In sommige gevallen lijkt het evident dat sprake is van een onderneming. Een voorbeeld binnen het onderwijs vormt het aanbieden van opfriscursussen tegen marktprijzen. Immers, behalve dat er mogelijk sprake is van een winstoogmerk, treedt een onderwijsinstelling in een dergelijk geval direct in concurrentie met andere aanbieders op deze markt. In andere gevallen ligt dat veel minder duidelijk. Als voorbeeld binnen het gevangeniswezen kan worden genoemd het in de markt afzetten van door gevangenen vervaardigde producten. Vraag is of daar sprake is van een winstoogmerk. Is dat niet het geval dan is de vervolgvraag of er wel in concurrentie getreden wordt. Een bevestigend antwoord leidt vervolgens tot de vraag of deze activiteiten die er mede op zijn gericht gevangenen voor te bereiden op de terugkeer in de maatschappij, een algemeen maatschappelijk belang dienen dat valt onder een bestaande vrijstelling, of waarvoor bijvoorbeeld mogelijk een vrijstelling geformuleerd zal moeten worden. Alvorens hier een verdere uitspraak over te kunnen doen, is nadere specifieke informatie nodig. Ten slotte zijn er activiteiten van zeer geringe omvang. Gedacht kan worden aan het heffen van bescheiden entreegelden voor een rondleiding in een vuurtoren. In dergelijke situaties is niet op voorhand duidelijk of sprake is van een onderneming. De vraag die dan rijst, is of het wel wenselijk is om activiteiten van zo’n kleine omvang in de belastingheffing te betrekken.

Vanwege de hierboven genoemde redenen konden enerzijds de relevante gegevens nog niet voldoende worden geïnventariseerd en anderzijds de feiten ten behoeve van de beoordeling van de criteria nog niet voldoende worden geduid. Ik verzoek uw Kamer dan ook om wat ruimte te geven, zodat ik het onderzoek waarom de Kamer heeft verzocht in goede orde kan afronden.

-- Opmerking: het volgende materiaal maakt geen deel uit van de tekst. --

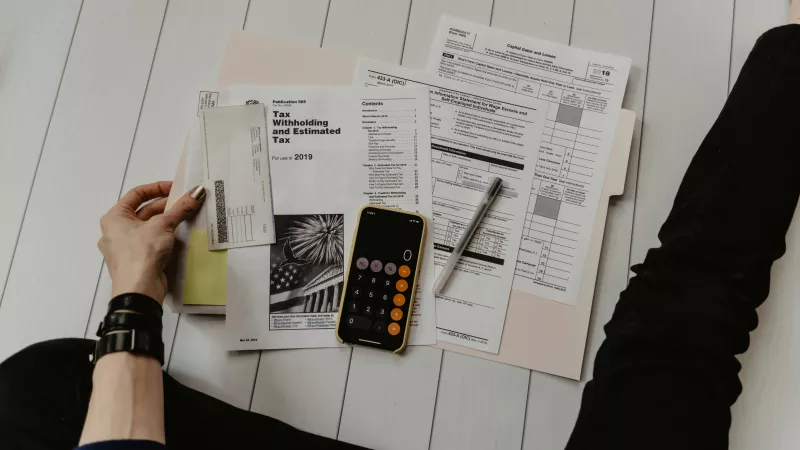 Person holding pen near papers and calculator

De staatssecretaris van Financiën,

J. C. de Jager


XNoot
1

Kamerstukken II, 2007/08, 31 213, nr. 1.

XNoot
1

Indirecte overheidsbedrijven zijn lichamen waarvan uitsluitend Nederlandse publiekrechtelijke rechtspersonen onmiddellijk of middellijk aandeelhouders, deelnemers of leden zijn, alsmede lichamen waarvan de bestuurders uitsluitend door Nederlandse publiekrechtelijke onmiddellijk of middellijk worden benoemd en ontslagen en welker vermogen bij liquidatie uitsluitend ter beschikking van Nederlandse publiekrechtelijke rechtspersonen komt.

XNoot
2

Directe overheidsbedrijven zijn bedrijven die een onderdeel vormen van een overheidsinstelling (een publiekrechtelijke rechtspersoon).

XNoot
3

100% van de aandelen dienen immers in handen te zijn van publiekrechtelijke lichamen.